• _What is being asked_
Reproduce the entire listing below exactly.
-- Data excerpt follows --
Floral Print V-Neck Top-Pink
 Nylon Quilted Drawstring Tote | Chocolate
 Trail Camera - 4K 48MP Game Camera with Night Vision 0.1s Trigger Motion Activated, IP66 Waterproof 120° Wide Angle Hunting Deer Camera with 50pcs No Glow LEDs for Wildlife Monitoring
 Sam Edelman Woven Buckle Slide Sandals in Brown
-- Data excerpt concluded --
• _The answer_
Floral Print V-Neck Top-Pink
 Nylon Quilted Drawstring Tote | Chocolate
 Trail Camera - 4K 48MP Game Camera with Night Vision 0.1s Trigger Motion Activated, IP66 Waterproof 120° Wide Angle Hunting Deer Camera with 50pcs No Glow LEDs for Wildlife Monitoring
 Sam Edelman Woven Buckle Slide Sandals in Brown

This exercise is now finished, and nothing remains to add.